# [EXERCISE GOAL]
The entries below are to be given back exactly, with images excluded.

# [DATA SHOWN]

• • • • • • •

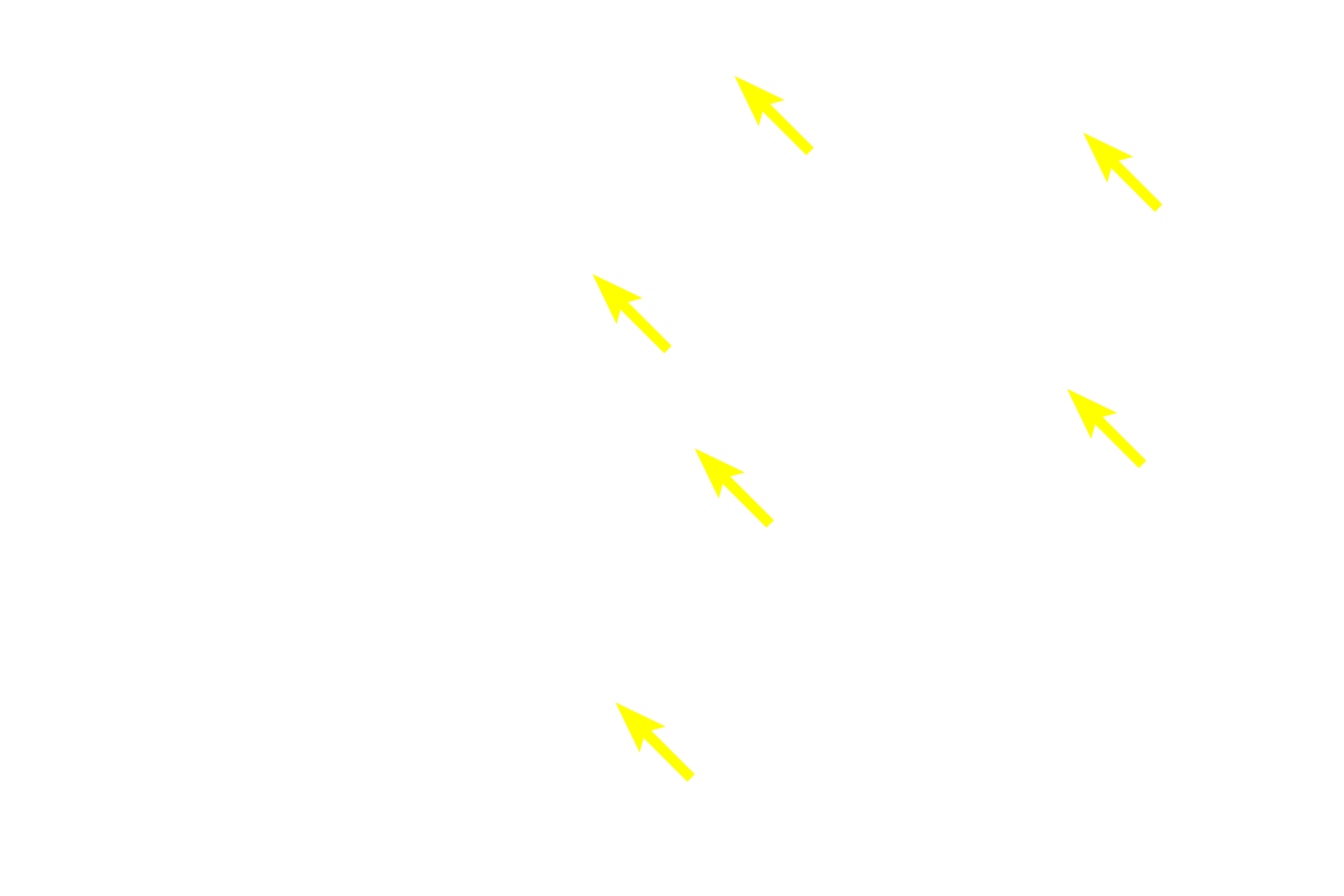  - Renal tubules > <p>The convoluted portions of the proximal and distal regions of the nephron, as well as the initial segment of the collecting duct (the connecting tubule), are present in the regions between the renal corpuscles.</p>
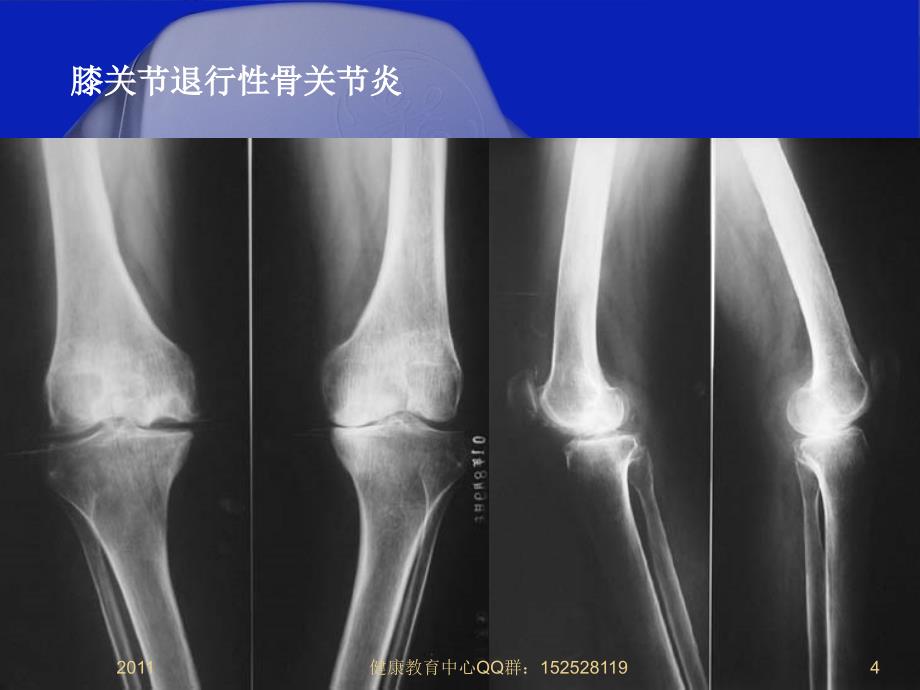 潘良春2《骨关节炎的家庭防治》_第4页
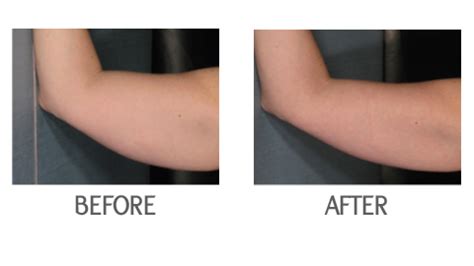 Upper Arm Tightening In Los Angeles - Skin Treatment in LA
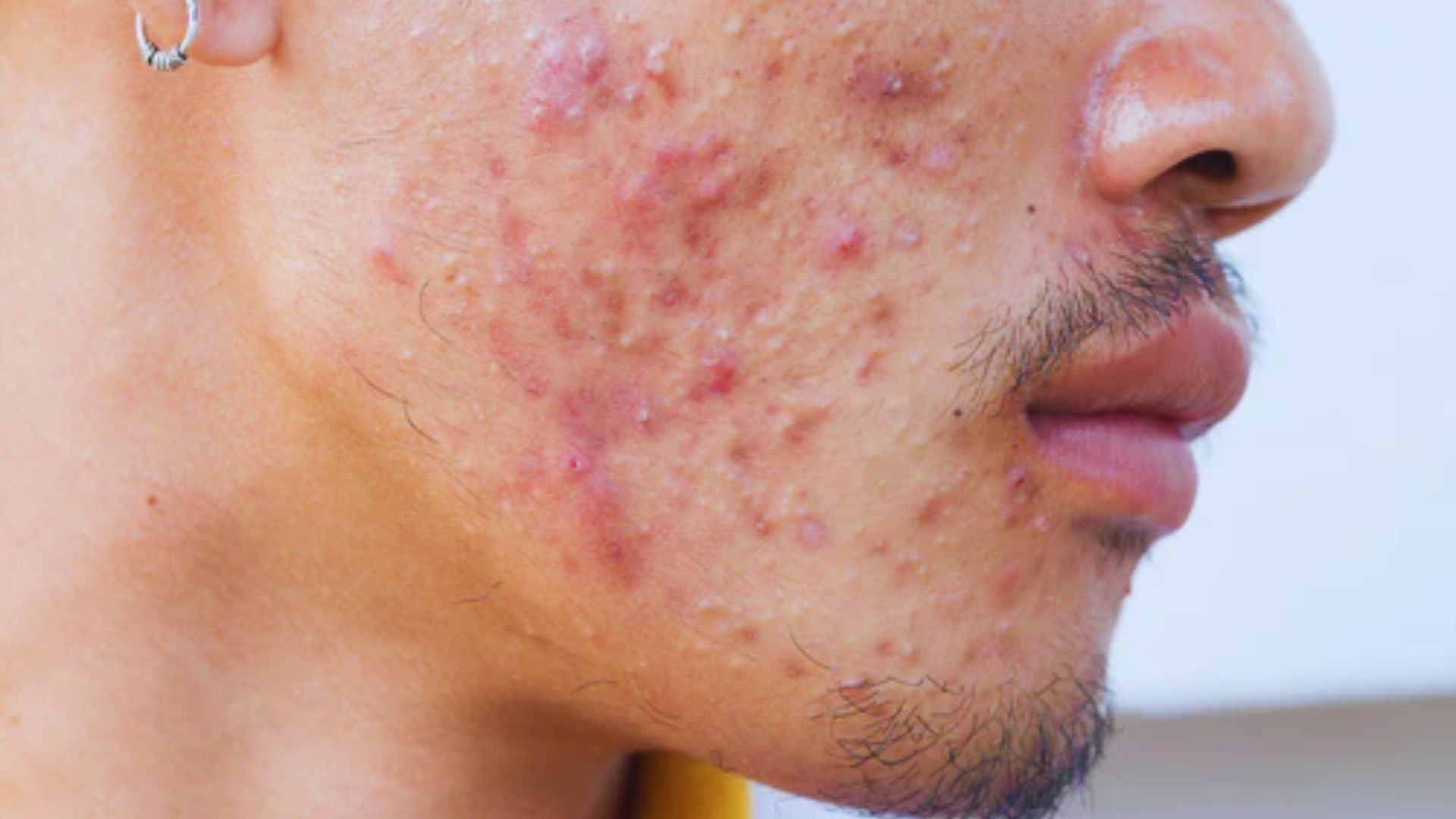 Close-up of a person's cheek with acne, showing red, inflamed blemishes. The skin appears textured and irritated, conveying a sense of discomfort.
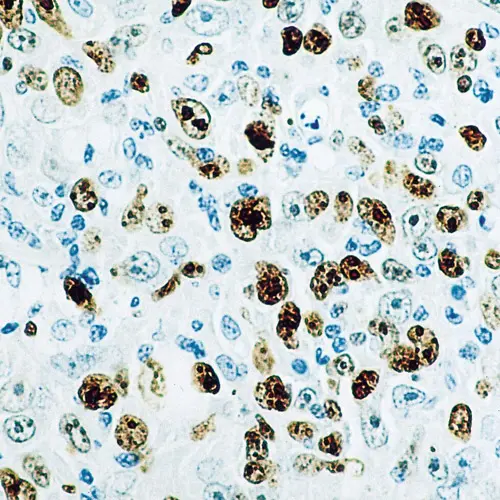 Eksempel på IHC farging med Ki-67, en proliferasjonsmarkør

• • • • • • •

# [REPLY TO THE EXERCISE]
  - Renal tubules > <p>The convoluted portions of the proximal and distal regions of the nephron, as well as the initial segment of the collecting duct (the connecting tubule), are present in the regions between the renal corpuscles.</p>
 潘良春2《骨关节炎的家庭防治》_第4页
 Upper Arm Tightening In Los Angeles - Skin Treatment in LA
 Close-up of a person's cheek with acne, showing red, inflamed blemishes. The skin appears textured and irritated, conveying a sense of discomfort.
 Eksempel på IHC farging med Ki-67, en proliferasjonsmarkør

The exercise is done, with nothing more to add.